Cailhier’s team first showed that when there is a skin lesion, MFG-E8 calls for an anti-inflammatory and pro-reparatory reaction in the macrophages. Without this protein, the lesions heal much more slowly. Then the researchers developed a treatment by adoptive cell transfer in order to amplify the healing process.

Adoptive cell transfer consists in treating the patient using his or her own cells, which are harvested, treated, then re-injected in order to exert their action on an organ. This immunotherapeutic strategy is usually used to treat various types of cancer. This is the first time it has been shown to also be useful in reprogramming cells to facilitate healing of the skin.

“We used stem cells derived from murine bone marrow to obtain macrophages, which we treated ex vivo with the MFG-E8 protein before re-injecting them into the mice, and we quickly noticed an acceleration of healing,” said Dr.
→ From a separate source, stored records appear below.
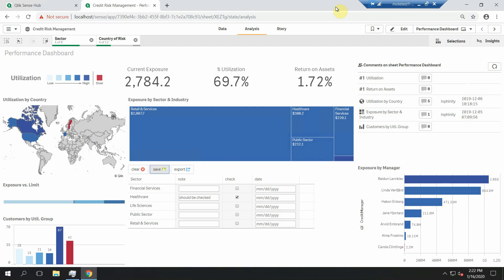As you can see, here is a Forms object that contains editable fields on a sector level. You can add some notes, checks, or dates, for example when it's something like a task.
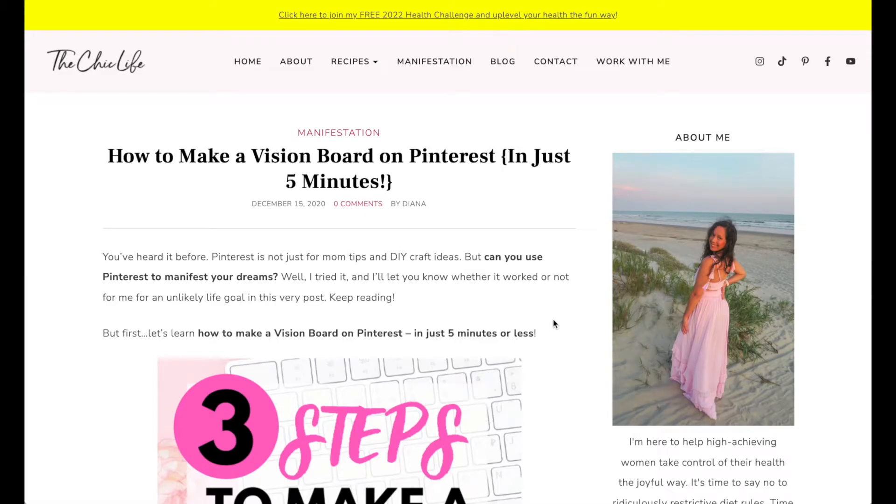Hi friends! Vision boards are a really powerful manifestation tool, and in today's video I'm going to teach you how to make a vision board on Pinterest.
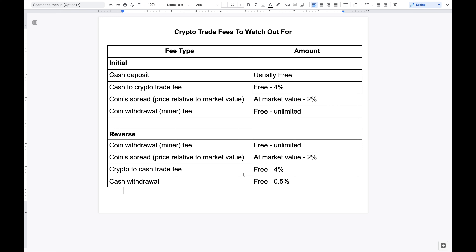I'm not saying these are fixed values — for example, the four percent or zero point five percent figures. There are definitely platforms I've seen that are higher than this. I don't include them here because I'd consider them the anomaly and you probably shouldn't use them. This is just a guideline to talk about some of the fees I've seen out there, and hopefully you're not paying more than these values.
Patrick Laplante, Cailhier’s research assistant and first author of the study.

Added Dr. Cailhier, “the MFG-E8 protein, by acting directly upon macrophages, can generate cells that will orchestrate accelerated cutaneous healing.”

The beauty of this therapy is that the patient (in this case the mouse) is not exposed to the protein itself. Indeed, as Dr. Cailhier explained, “if we were to inject the MFG-E8 protein directly into the body there could be effects, distant from the wound, upon all the cells that are sensitive to MFG-E8, which could lead to excess repair of the skin causing aberrant scars named keloids. The major advantage [of this treatment] is that we only administer reprogrammed cells, and we find that they are capable of creating the environment needed to accelerate scar formation. We have indeed discovered the unbelievable potential of the macrophage to make healing possible by simple ex vivo treatment.”

What now remains to be done is to test this personalized treatment using human cells. Thereafter, the goal will be to develop a program of human cell therapy for diabetic patients and for victims of severe burns. It will take several years of research before this stage can be reached.

This advanced personalized treatment could also make all the difference in treating cases of challenging wounds. According to the World Health Organization, diabetes affects 8.5% of the global population, and amputation rates of the lower extremities are 10 to 20 times higher in diabetics. “If, with this treatment, we can succeed in closing wounds and promoting healing of diabetic ulcers, we might be able to avoid amputations,” Dr. Cailhier said.

“Serious burn victims could also benefit,” he added. “By accelerating and streamlining the healing of burns, we may be able to reduce the infections and keloids that unfortunately develop much too often in such patients.” Cancer patients requiring extensive reconstruction surgery could also benefit, he said.